The Gecko Rescue

    “The Gecko Rescue,” Friend, May 2017

    The Gecko Rescue

    The author lives in Utah, USA.

    Mom loved her beanbag gecko. But something was wrong!

    “Mother dear, I love you so” (Children’s Songbook, 206).

    The Gecko Rescue

    Andrea peeked into her parents’ room. She smiled when she saw the blue beanbag gecko on Mom’s pillow. Andrea came in to look at it closer.

    Mom brought it home from Hawaii to remind her of the lizards she and Dad saw on vacation. Sometimes she let Andrea and her younger sister, Stacy, play with it. Andrea liked how its bright beaded eyes shone in the light and how its shiny blue skin slipped through her hands.

    But now something was wrong. Andrea could see a small rip in the gecko’s side. Little pebbles of filling were falling out onto the pillowcase.

    Oh no! Mom would be so sad when she saw what happened. What could Andrea do?

    Andrea spotted Mom’s sewing basket under the table in the corner. That’s it! she thought. Mom had been teaching her to sew. Could she stitch up the gecko all by herself? She searched through Mom’s sewing basket for a needle and some blue thread. Then she gently scooped up the torn gecko and cradled it so no more tiny pebbles would fall out. After a few tries, she threaded the needle and carefully started stitching the opening back together.

    Andrea’s fingers fumbled with the tiny needle and the thread. It seemed to tangle with every stitch! Finally she made the last stitch and tied a knot. Andrea frowned. Her big, messy stitches made it easy to tell where the tear had been. But at least no more pebbles were falling out.

    Andrea found Mom weeding in the garden. She held the gecko out to her.

    “I found this on your bed with a hole in it. I tried to fix it,” she said. “It isn’t very good,” she added softly.

    “Oh?” Mom put her shovel on the ground and wiped her hands on the bandana in her pocket. Then she gently took the stuffed gecko from Andrea’s hands. She examined the stitching, looking from the gecko to Andrea and back to the gecko again.

    “You did this all by yourself?” Mom sounded surprised.

    “Yes.” Andrea traced a circle in the grass with her big toe. “I know you like to look at it to remember your vacation.”
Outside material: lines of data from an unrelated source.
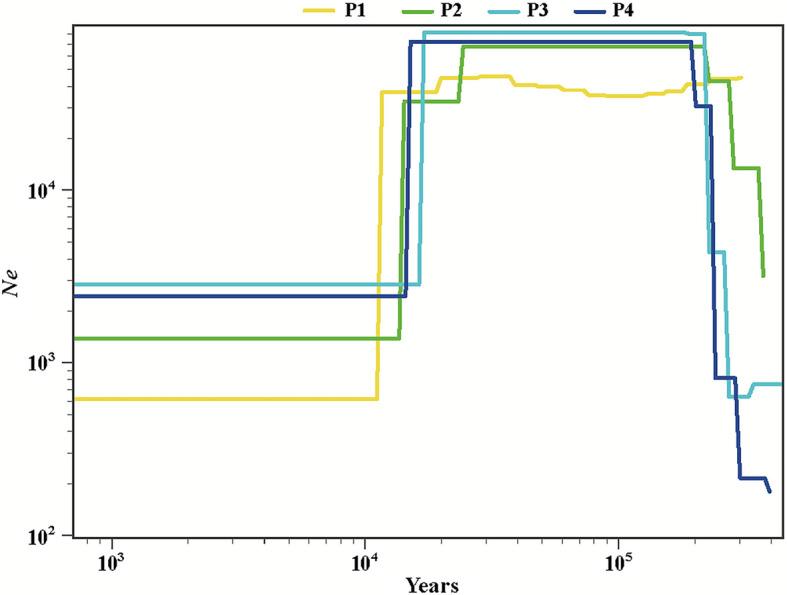 https://cdn.ncbi.nlm.nih.gov/pmc/blobs/7c02/12247403/3912d319607c/12870_2025_6885_Fig4_HTML.jpg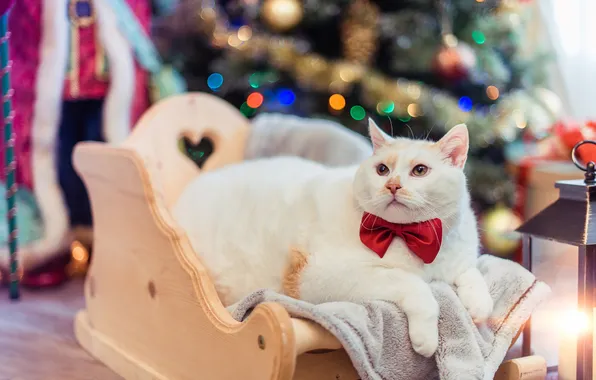 Cat, cat, look, pose, cute, face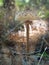 The parasol mushroom Macrolepiota procera, Lepiota procera growing in the wood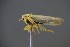  (Javesella stali - BC_ZSM_CIC_0135)  @11 [ ] CreativeCommons - Attribution Non-Commercial Share-Alike (2016) SNSB, Staatliche Naturwissenschaftliche Sammlungen Bayerns ZSM (SNSB, Zoologische Staatssammlung Muenchen)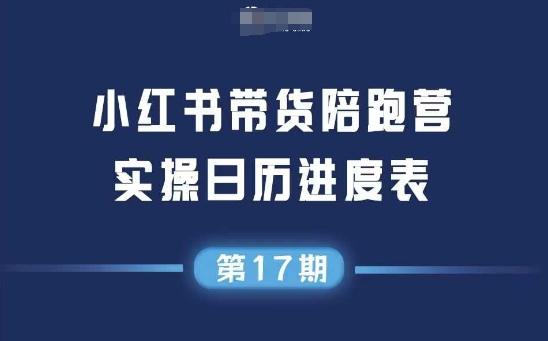 小红书第17期带货陪跑营，不囤货，无不直播，无不投流，通过选品+笔记内容+测品+笔记铺量+矩阵运营打爆款-领学通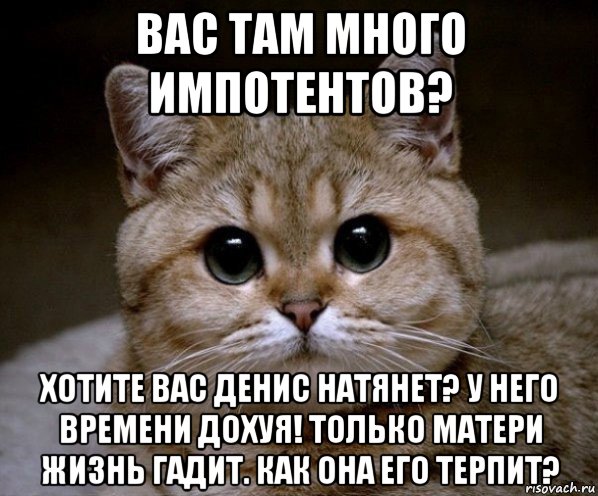 вас там много импотентов? хотите вас денис натянет? у него времени дохуя! только матери жизнь гадит. как она его терпит?, Мем Пидрила Ебаная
    Mom grinned. “Well, now I can look at it and remember two things: our fun vacation and what a thoughtful daughter I have.”

    Andrea looked up at Mom. “It doesn’t look the same,” she said.

    “No, it doesn’t,” Mom said. Andrea’s shoulders slumped. I knew it, she thought. But then Mom folded her into a great big hug. “It’s better!”

    Andrea’s eyes widened. “Really?”

    “Really,” Mom said. “Thanks for rescuing my gecko!” She squeezed Andrea tight. Andrea grinned as she hugged Mom back.

    “Can I help weed the garden?” Andrea asked.

    “You bet!” said Mom. “But I have to put the gecko back first.”

    “I’ll do it!”

    Andrea carefully carried the gecko inside and set it on Mom’s pillow. She patted its shiny head. “Glad I could help you out,” she said. Then she ran outside to help Mom rescue the garden too!